Hundreds of naked Korean women were milling about, walking from one pool to another, relaxing, chatting, and getting rubbed down by two elderly masseuses wearing matching see through black bras and red undies. I should mention that at my current job the 'weekend' doesn't fall on Saturday and Sunday so we were visiting the spa on a Monday afternoon, excluding the average middle aged working woman or school student from taking part in the festivities and leaving our eyes to feast on the flesh of a slightly...older crowd. You haven't lived until you've spent the day surrounded by 200 naked Korean grandmas.
As usual the name of each bath was in English, while the directions and precautions were in Korean. I won't lie, the American germ-a-phobe in me was a little hesitant at first of sinking my tush into a bubbling bath of yellow mud along side thirty other foreign bottoms, but it has to be said that Korean women do have beautiful skin, so in the name of vanity I took the plunge. I was pleasantly surprised by all the baths except the liquid charcoal, which left me smelling like a piece of barbequed chicken. However, if the way to a man's heart is truly through his stomach then the Korean women might be onto something.

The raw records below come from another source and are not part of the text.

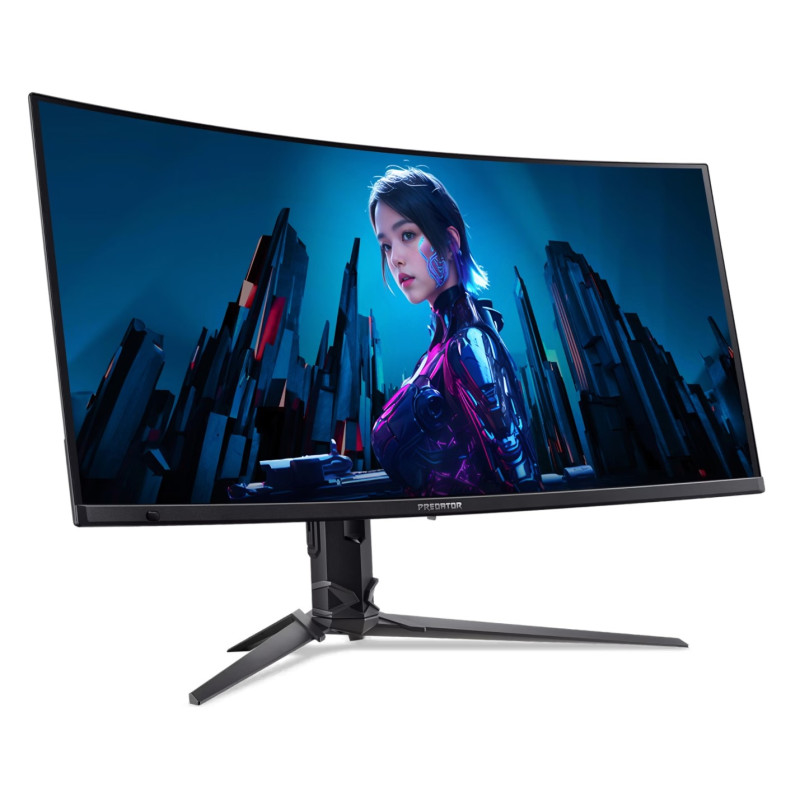 Acer Predator/X34X5bmiiphuzx/34''/QD-OLED/UWQHD/240Hz/0,03ms/Čierna/2R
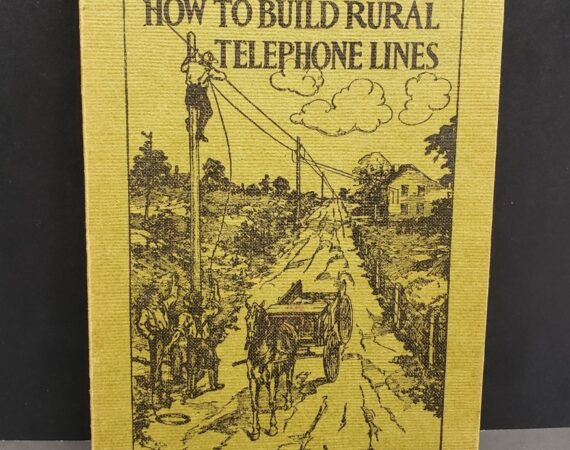 How To Build Rural Telephone Lines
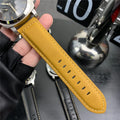 Panerai Yellow Leather Luminor
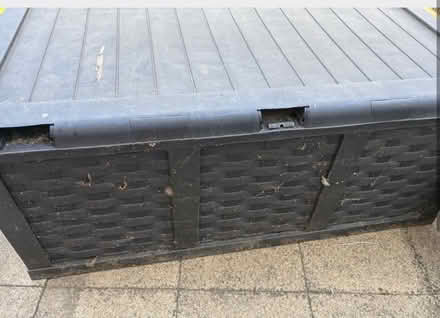 Photo of free Large Keter garden storage box (Worcester park) #2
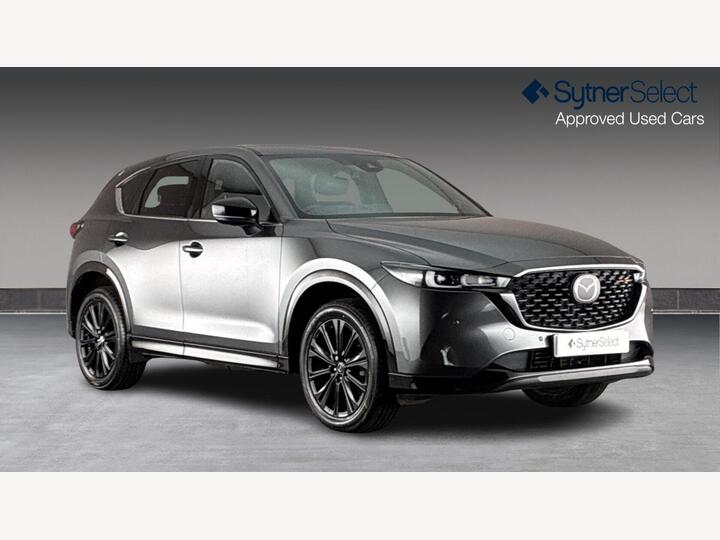Mazda CX-5 2.0 E-SKYACTIV G MHEV Homura Auto Euro 6 (s/s) 5dr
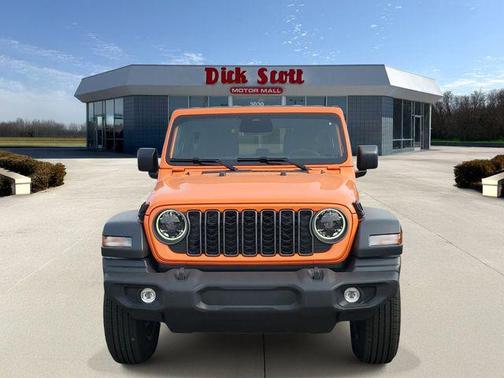 Joose 2026 Jeep Wrangler Sport S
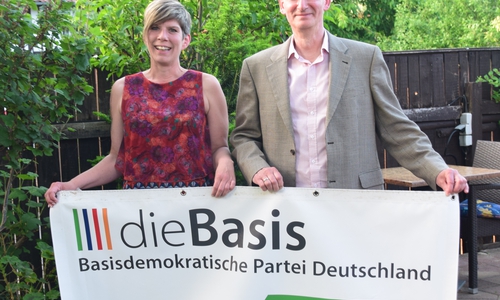 Janine Reinecke und Matthias Stodolka wollen in den Landtag.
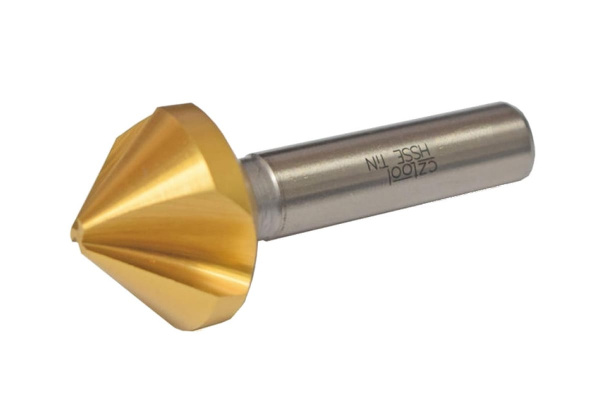 Зенковка (20.5х10х63 мм; Z3; 90°; HSSE-TiN) Bucovice Tools 797205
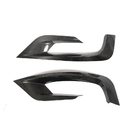 Mercedes S-class W222 2013-2022 Cubiertas de Parachoques Delantero de Carbono (para AMG-Line 2014-2017) foto 4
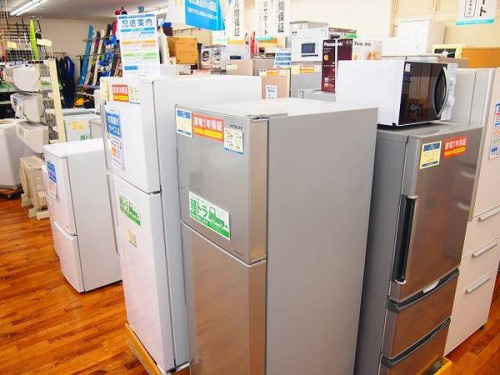 冷蔵庫の洗濯機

After about an hour of basking and plunging we decided to wander over to the massage tables and make an appointment to treat ourselves to a gentle rub down. I went first, climbing up onto the plastic covered massage table and laying face up in preparation for bliss. The masseuse started by covering my face in warm towels and then a mud mask, pretty normal, and very nice. Then the fun started. Putting on a pair of gloves which felt more like Brillow pads she started furiously rubbing my skin starting at my feet, moving upwards, and leaving no 'stone unturned' if you catch my drift. When she had reached my neck she doused me with warm water, spanked me on the hip, and instructed me (in forceful Korean) to turn onto my side.

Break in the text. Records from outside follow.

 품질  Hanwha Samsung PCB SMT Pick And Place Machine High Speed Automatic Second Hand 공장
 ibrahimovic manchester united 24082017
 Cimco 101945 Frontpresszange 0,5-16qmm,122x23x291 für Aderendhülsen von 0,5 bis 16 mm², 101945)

With the addition of the warm water the plastic massage table had now turned into a veritable slip-and-slide. My knuckles turned white as I tried to grab onto the side of the table and hold myself up as she again started at my feet, this time throwing my top leg into the air so she could pumice all the way up to my inner thigh. I felt like a giant foot being pedicured. Another slap, this time on my bottom, and I rolled onto my back so the process could begin again. I rested my head down on the table, closed my eyes, and tried to relax and remember that I had chosen to have this done, had PAID to have this done. It was at this point that another Korean woman came over to chat. Trying to get my masseuse's attention she leaned against the table which, it has to be said, was level with her pelvic area. Suddenly the only thought running through my mind was, "Bush on my arm! Bush on my arm!" but before I could utter a sound, I was spanked a third time, rolled again, and pumiced anew.

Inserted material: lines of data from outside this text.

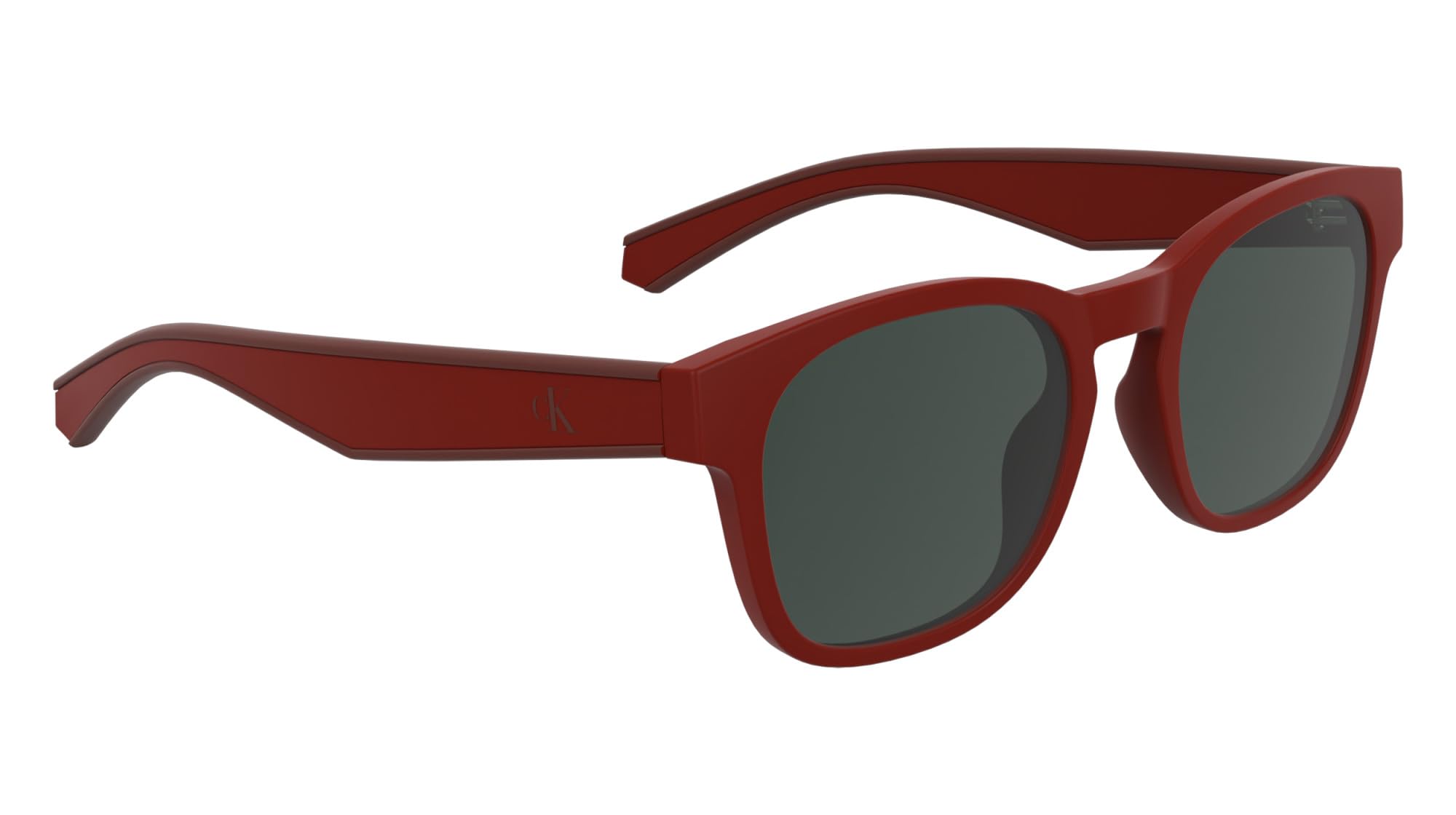 CALVIN KLEIN JEANS Brille Größe 47 mm Matte Rot Eye Size: 47 Bridge: 18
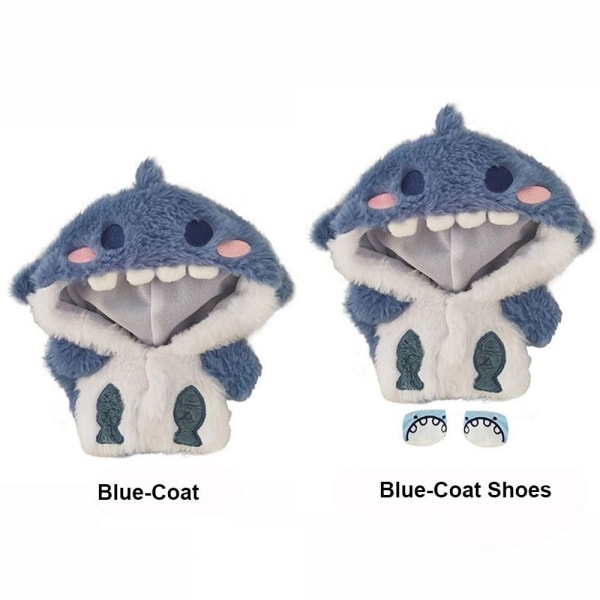 Dockkläder Tecknad Shark Coat BLUE COAT SKOR COAT SKOR blue coat shoes-coat shoes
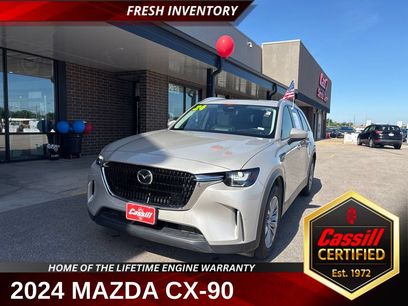 Used 2024 MAZDA CX-90 3.3 Turbo w/ Preferred Plus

When the "exfoliation" had ended she again doused me with warm water, covered me in soap suds, and with a final smack on the rear instructed me to, "Showah." I gladly slid from the plastic table and hurried as quickly as I could to the shower stalls eager to have a little privacy and wash the memory of foriegn bush off my arm. And as I stood beneath the cascading water I couldn't help but think that I had never felt so violated, and yet my skin had never felt so smooth.